I found out through the old co-worker grapevine that a company I used to work for is going to be de-listed by NASDAQ because the stock price has been under a dollar per share for quite a while and because the company’s earning statements are routinely significantly corrected when audited. As a result, revised earning statements have to be issued, which differ materially from the originals.
I was wondering what becomes of a stock after it gets de-listed. Does it get picked up by another exchange? Does it revert to being a privately held company, with payoffs being made to shareholders like a buyout? Is the company forced into receivership?

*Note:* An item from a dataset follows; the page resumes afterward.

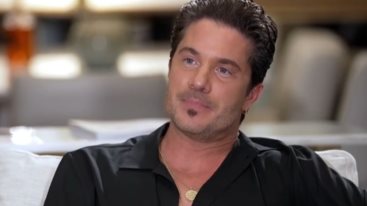 Νικος Οικονομοπουλος: &quot;Ειμαι παιδι χωρισμενων γονιων - Οι σχεσεις δεν αποκαθιστανται απολυτα, υπαρχει παντα πληγη&quot;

What happens?
If there are public shareholders outstanding, and no resolution of assets has been determined by a bankruptcy court, the stock can continue to trade as an over-the-counter stock:
It can also get relisted if the stock stays over $1 or $2,not really sure for a specified period of time,and it’s financial statements are issued in the manner prescribed by the SEC/Nasdaq.
Usually delisted stocks carry an E symbol after their stock symbol,eg,ABC becomes ABCE,and you can get quotes on the regular online qoutation services,except you only get the closing price.If you don’t see a quote for your stock you may be in deep water.
The site on the link appears to have realtime quotes.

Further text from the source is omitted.